I’ve been living in Korea again nearly 2 months now and the only real observation I can make is that I Am Present. I am with the familiar, the unfamiliar, the challenging discomforts, the joyous comforts, the new routines and the constant changes with a seamless ease that makes me feel suspended between this world and another. It’s like I am watching a beautiful life of synchronicities and serendipitous meetings unfold, watching the moments pass by with simultaneous bliss and suffering, and screaming with gratitude all the while.

December  in Seoul was a month of loneliness, confusion, heartache, uber-caffeine and a wacky diet, and also a very stable yoga practice with a tapas (discipline) of heavy pranayama and meditation. I had a winter’s hibernation and barely left my house for 6 weeks, taking a lot of silence, reflecting on my cravings for people and things, and accepting my less-than-exuberant emotional and physical state. There was a solid week where I was so angry at myself for coming here and completely convinced that I had made the wrong choice. It was hard. And as I emerge, I feel that the cocoon has preserved and evolved me with stronger and more beautiful wings with which to fly into new and unknown territory.

Connection

Since I started living and teaching in Korea again in early January, I’ve found a lot of companionship and positive energy in my colleagues. I am adjusting my daily practice to move into what supports me while teaching full-time to high-energy kindergartners, abstained for 3 weeks from coffee and sugar, and seriously reset my diet. I enter a new month feeling energized, excited for the year ahead, and without fear or doubt that I am right where I need to be, learning lessons I have been perfectly ripened for.

I am blessed to be on a 10-month journey with a group of people moving through the yamas and niyamas, the traditional ways to live according to the Yoga path.

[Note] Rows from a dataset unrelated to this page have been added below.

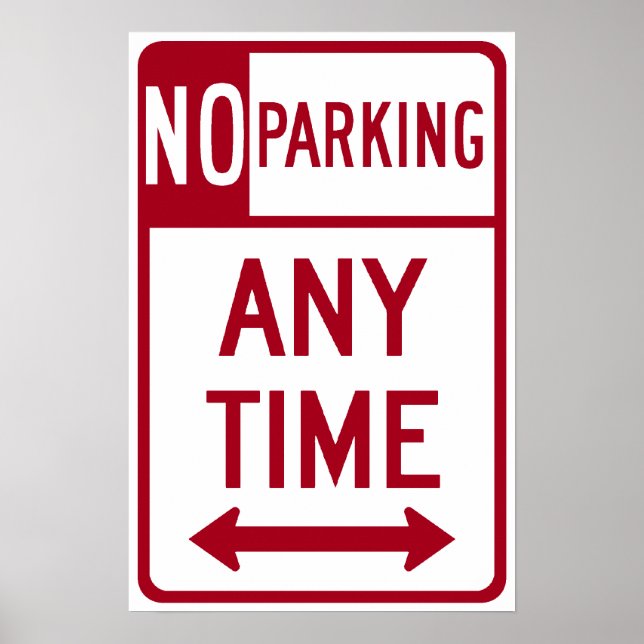 No Parking Any Time Road Sign (Front)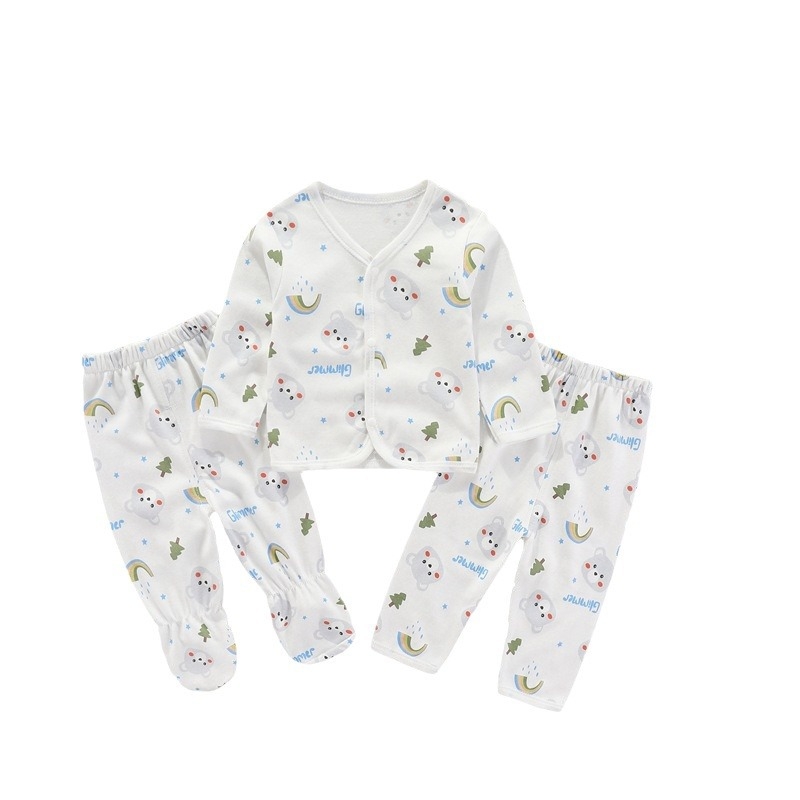 5-частен комплект памучни дрехи за новородени — дълги ръкави, 0-12 месеца, всички сезони, неутрален стил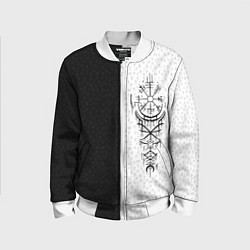 Бомбер детский Вегвизир и став бессмертия в рунах, цвет: 3D-белый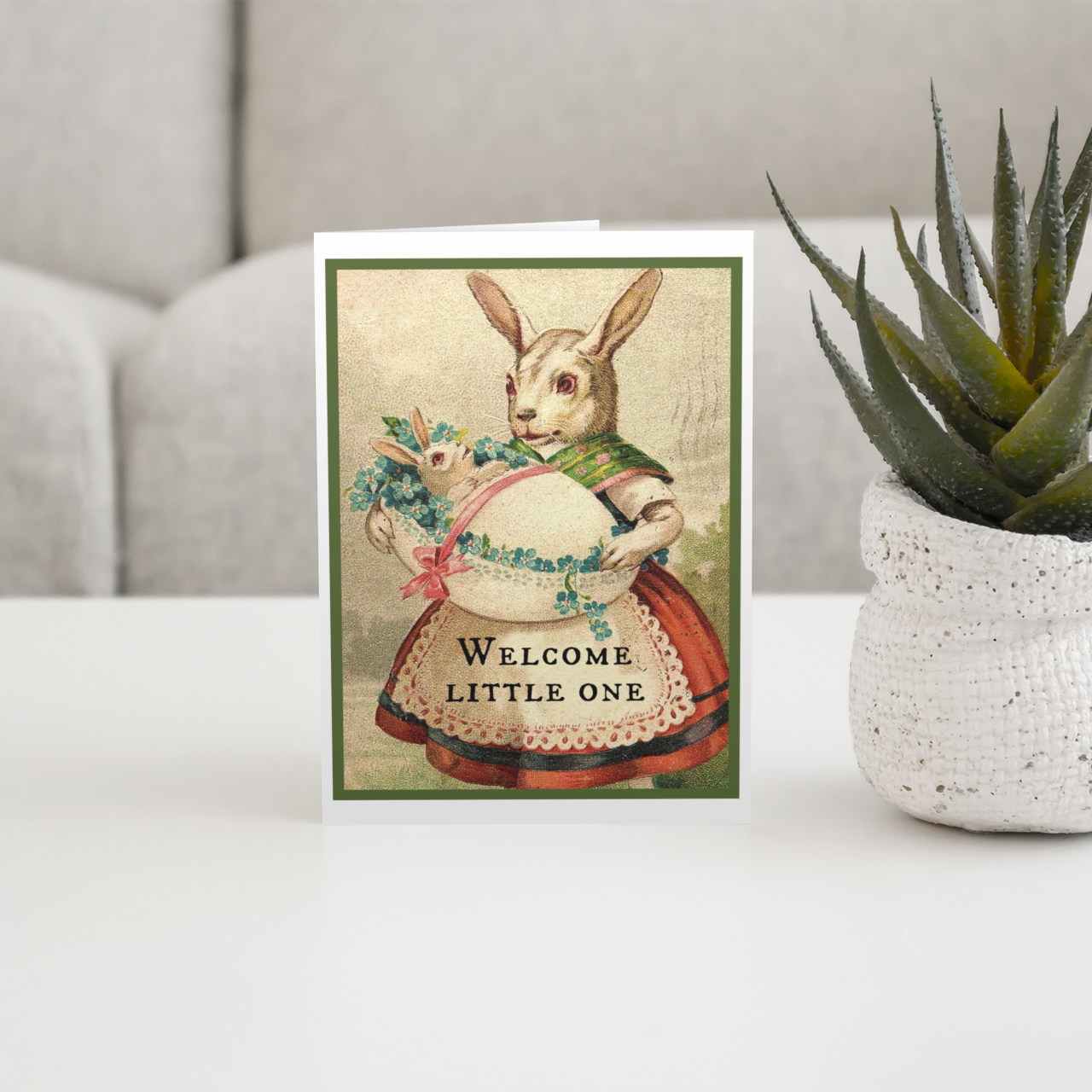 
                  
                    Greeting Card. Vintage Bunny. Welcome Little One. New Baby.
                  
                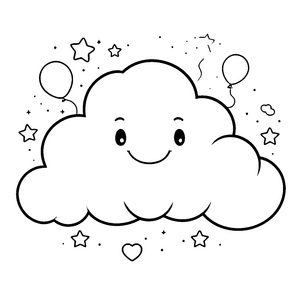 Lächelnde Kawaii-Wolke mit Luftballons Bastelvorlage für kreative Luftfahrtfreunde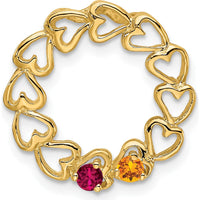 14K Yellow Gold 2-Stone Family Pendant Mounting - 19mm Length, Heart Design by Oro Pregiato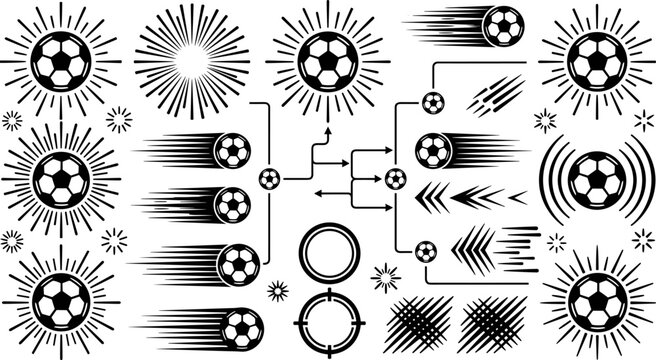 Soccer ball speed effect and tournament bracket vector elements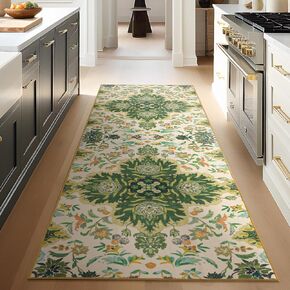 Phantoscope 5'x7' Vintage Collection Area Rug, Washable Living Room Rug Non-Slip, Low-Pile Boho Floral Painting Carpet for Bedroom Dining Room Office Durable Indoor Printed Rug, Forest Green/Cream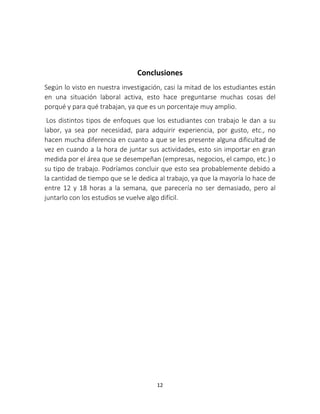Conclusiones 
Según lo visto en nuestra investigación, casi la mitad de los estudiantes están 
en una situación laboral activa, esto hace preguntarse muchas cosas del 
porqué y para qué trabajan, ya que es un porcentaje muy amplio. 
Los distintos tipos de enfoques que los estudiantes con trabajo le dan a su 
labor, ya sea por necesidad, para adquirir experiencia, por gusto, etc., no 
hacen mucha diferencia en cuanto a que se les presente alguna dificultad de 
vez en cuando a la hora de juntar sus actividades, esto sin importar en gran 
medida por el área que se desempeñan (empresas, negocios, el campo, etc.) o 
su tipo de trabajo. Podríamos concluir que esto sea probablemente debido a 
la cantidad de tiempo que se le dedica al trabajo, ya que la mayoría lo hace de 
entre 12 y 18 horas a la semana, que parecería no ser demasiado, pero al 
juntarlo con los estudios se vuelve algo difícil. 
12 
 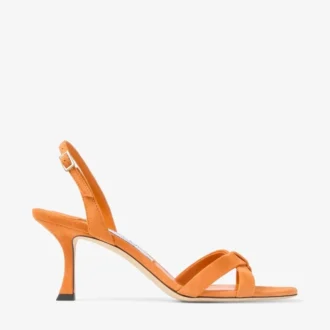 Elsy 70 Slingbacks aus Wildleder in Sunset Orange mit gekreuztem Riemen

This week we began month five, aparigraha or non-attachment, which I find to be the crux of a spiritual lifestyle. The basis of non-attachment for me is TRUST, which is my intention for 2015. The more I actually let go, relax into the intelligence of the Universe, and laugh at the ridiculousness of my claim to know anything, the easier I can accept what comes and let go of what goes. It is a dance that takes practice, precision, and expertise, and eventually completely freeing oneself of all those things. Good thing I packed my dancing shoes.

New Opportunities

When I first got to Seoul, the Universe directed me to a few interesting opportunities which I decided to pursue. One was to audition for an international choir which has a pretty solid rehearsal and performance schedule throughout the year. I haven’t sung in a choir in many, many years so I was excited and nervous when I found out a few weeks ago that I was accepted. We started rehearsals last week and already my soul is rejoicing at getting to make music with trained singers and sing in beautiful, beneficial engagements around Korea. Apparently, this year is one of making music for me, with teaching music full-time and singing once or twice a week with the choir. And in this, a part of me that’s been trying to get my attention for a while quietly rejoices.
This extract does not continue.